Painting and drawing
• In painting classes, your child will study techniques for watercolor, acrylic, and tempera paints. Classes work from your child’s own imagination, photos from magazines, still lifes, or famous paintings. As she advances, your child will learn brush techniques, color theory, and composition. Beginner classes start with tempera paint and then move on to watercolor, each of these water-base paints having unique characteristics that take time to learn and master.
• In drawing classes, your child will work with pencils, charcoal, and ink.
• When choosing classes, keep in mind that there are widely divergent types of painting. Ask about what techniques or style the teacher emphasizes.
• Ask if materials will be supplied, as watercolor papers are expensive, and there is no substitute for a decent grade paper, as well as quality flat, round, and linear brushes.
Photography
• Classes teach fundamentals of using a camera, including how to frame, center, and focus a picture.
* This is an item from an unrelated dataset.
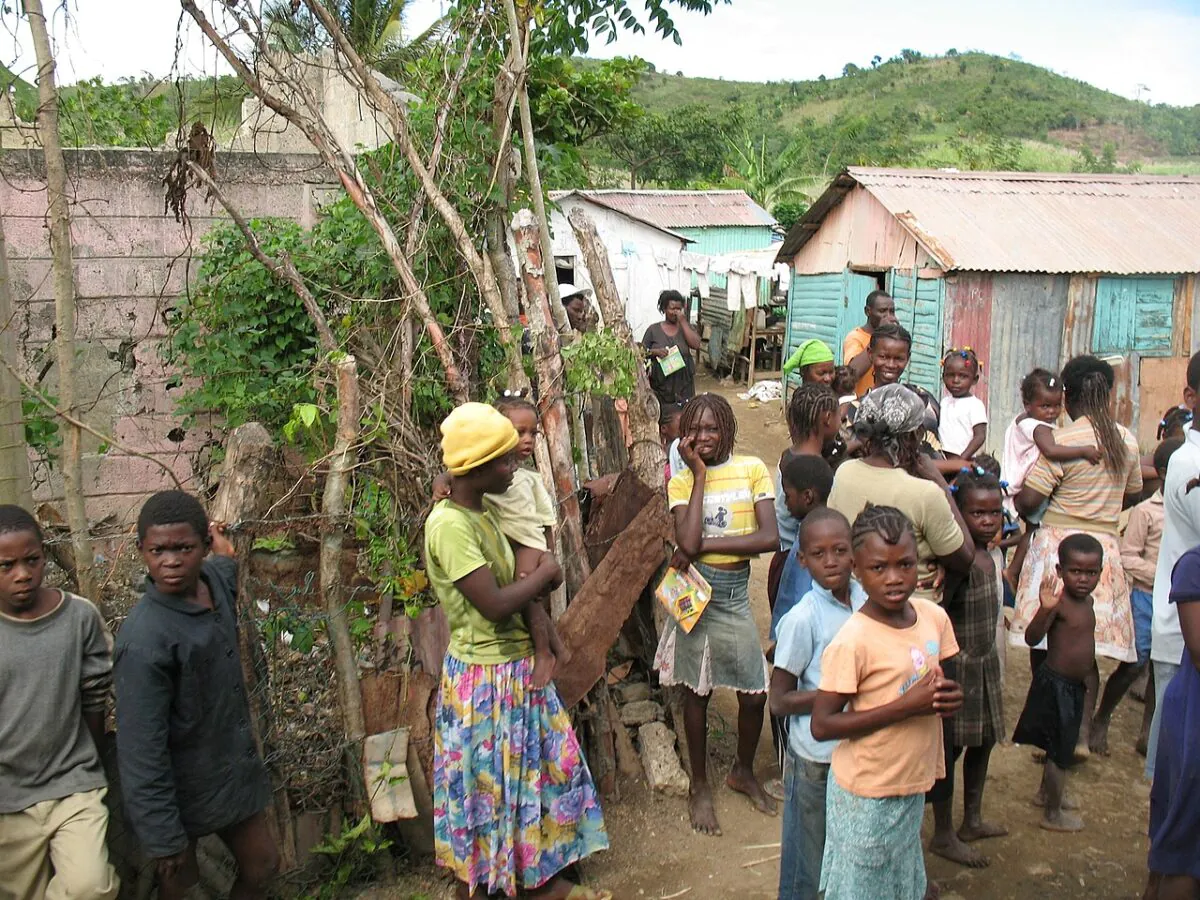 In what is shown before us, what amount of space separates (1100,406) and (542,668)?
121 inches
Advanced classes teach film exposure and darkroom printing. Ask about whether your child will be taking black and white photos, color, or both.
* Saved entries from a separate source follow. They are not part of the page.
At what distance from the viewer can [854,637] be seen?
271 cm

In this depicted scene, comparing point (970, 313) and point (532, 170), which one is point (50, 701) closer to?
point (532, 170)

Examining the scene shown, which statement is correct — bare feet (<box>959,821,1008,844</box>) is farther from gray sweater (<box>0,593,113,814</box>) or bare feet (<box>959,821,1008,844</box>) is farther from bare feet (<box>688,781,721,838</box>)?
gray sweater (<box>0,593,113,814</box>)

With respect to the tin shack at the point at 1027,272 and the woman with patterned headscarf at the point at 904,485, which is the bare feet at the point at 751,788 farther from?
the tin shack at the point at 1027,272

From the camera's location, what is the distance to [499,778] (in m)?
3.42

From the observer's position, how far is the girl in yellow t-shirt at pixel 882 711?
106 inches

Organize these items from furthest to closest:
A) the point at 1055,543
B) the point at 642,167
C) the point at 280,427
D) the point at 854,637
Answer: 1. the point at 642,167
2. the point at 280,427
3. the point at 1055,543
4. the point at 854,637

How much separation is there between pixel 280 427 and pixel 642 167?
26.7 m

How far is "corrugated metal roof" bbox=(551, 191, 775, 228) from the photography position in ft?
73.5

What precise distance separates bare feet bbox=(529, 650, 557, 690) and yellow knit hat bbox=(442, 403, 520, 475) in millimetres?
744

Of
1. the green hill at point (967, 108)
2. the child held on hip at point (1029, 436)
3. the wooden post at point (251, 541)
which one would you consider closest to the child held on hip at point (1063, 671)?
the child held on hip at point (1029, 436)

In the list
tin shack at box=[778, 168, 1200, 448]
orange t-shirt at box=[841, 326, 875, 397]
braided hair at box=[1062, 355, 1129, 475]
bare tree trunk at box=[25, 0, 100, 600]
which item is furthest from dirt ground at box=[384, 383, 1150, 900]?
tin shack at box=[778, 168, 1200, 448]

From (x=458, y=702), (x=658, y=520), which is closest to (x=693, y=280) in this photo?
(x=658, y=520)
• The instructor should also teach the elements of art, the principles of design and how they are merged in photography.
• Equipment costs can be high depending on the level of the class, the type of equipment and film required, and whether the program provides the cameras.
Sculpture
• Sculpture offers your child the chance to explore the concepts of form and space.
• Sculpture brings unique challenges, as working in three dimensions is very difficult. It takes a special skill and understanding of form and materials to create interesting three- dimensional forms.
Sewing, Quilting, and Needlework
• Classes teach hand stitches, embroidery, quilting, patchwork, applique, button sewing, crochet, knitting, or machine sewing. Your child will work on anything from making a pillow to creating clothing. In the process of learning to sew, your child will work on measuring, spatial relationships, problem-solving, and critical thinking skills.
Woodworking
• Woodworking classes teach building and lathe (woodturning) work. Your child will create wooden items such as boxes, spinning tops, bookcases, and similar projects.
• Students have to follow strict rules of equipment use, learn how the machines are used, and learn craftsmanship. The program almost always provides safety goggles and woodworking tools.
Safety and Injury Concerns
• Make sure the program uses age-appropriate art supplies. Students should always be instructed on the proper use of tools being used to create a project.
• Make sure your child’s art teacher uses nontoxic materials until students are mature enough to handle materials that are potentially harmful, such as turpentine or lead-based glazes for clay. Some fixative sprays and paint solvents are very toxic and potentially carcinogenic, but most are labeled as such.
• Hot melt glue cans can cause burns if not used properly.
• Be especially careful in sculpture and woodworking classes, where cutting tools are used.
Cost Considerations
• Ask if there is a separate supply fee from tuition, or what supplies your child will be expected to purchase on her own. Tuition fees and supply costs vary dramatically based on the medium. Some classes charge as little as $20 for supplies, while more advanced classes can cost $100 to $200 to cover materials.
• Also ask if your child will have to pay for any special processes or contribute to exhibition costs.